Search code examples
postgresqlgreatest-n-per-group

PostgreSQL fast query to get most recent rows


I have a PostgreSQL table with a bunch of events, each containing a timestamp, id, and action. I expect a few million events per day, and expect the table to grow to several billion rows eventually.
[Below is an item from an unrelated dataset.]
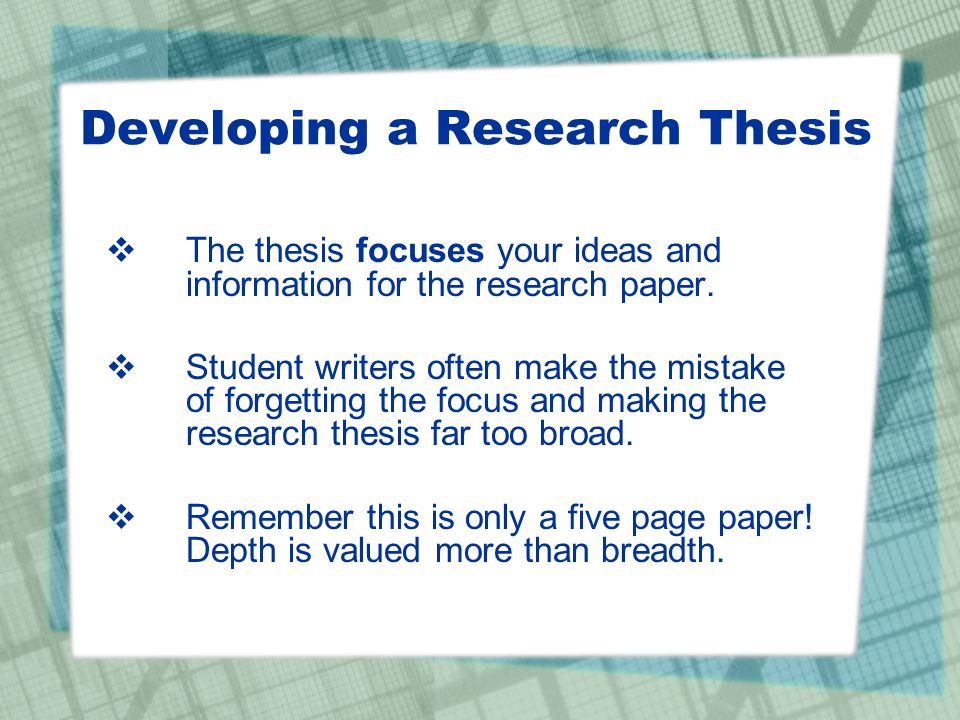 developing a good thesis developing a good thesis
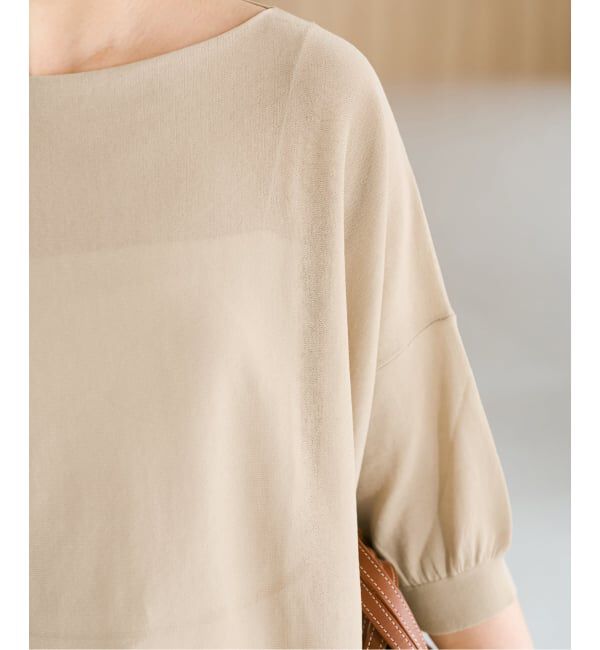 Spick and Span「《接触冷感 / 予約》ICE FINE 5分袖ボートネックニット」|ニット・セーター|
I want to query the most recent events for each item (a few hundred thousand distinct ids) before a given date, but currently the query is extremely slow, taking 1-2 hours minimum (the table currently has around 100 million rows). Is there a way to speed up this query?

SELECT a.* FROM (
    with events as (
        SELECT
          ROW_NUMBER() OVER (PARTITION BY item ORDER BY time_stamp DESC) AS rn,
          *
        FROM event_updates
        WHERE time_stamp < '2023-05-01'
    )
    SELECT * FROM events WHERE rn=1 ORDER BY item
) a;

DDL for table

CREATE TABLE "event_updates" (
  "id" int4 NOT NULL DEFAULT nextval("event_updates"::regclass),
  "time_stamp" timestamptz(6) NOT NULL DEFAULT CURRENT_TIMESTAMP,
  "item" varchar(32) COLLATE "pg_catalog"."default" NOT NULL,
  "event_type" int2,
)
PARTITION BY ();
ALTER TABLE "event_updates" OWNER TO "owners";

Solution

  • First of all, you need an index on item and the timestamp. Second, you select the max(timestamp) for each item and then select the record you need:

    CREATE INDEX idx_event_updates_item_time_stamp
        ON event_updates(item, time_stamp);
    
    SELECT *
    FROM event_updates
        JOIN (SELECT item
                   , MAX(time_stamp) time_stamp
              FROM event_updates
              GROUP BY item
              ) sub USING (item, time_stamp);
    

    You might want to create the index per partition, concurrently, to avoid locking issues. It takes longer however.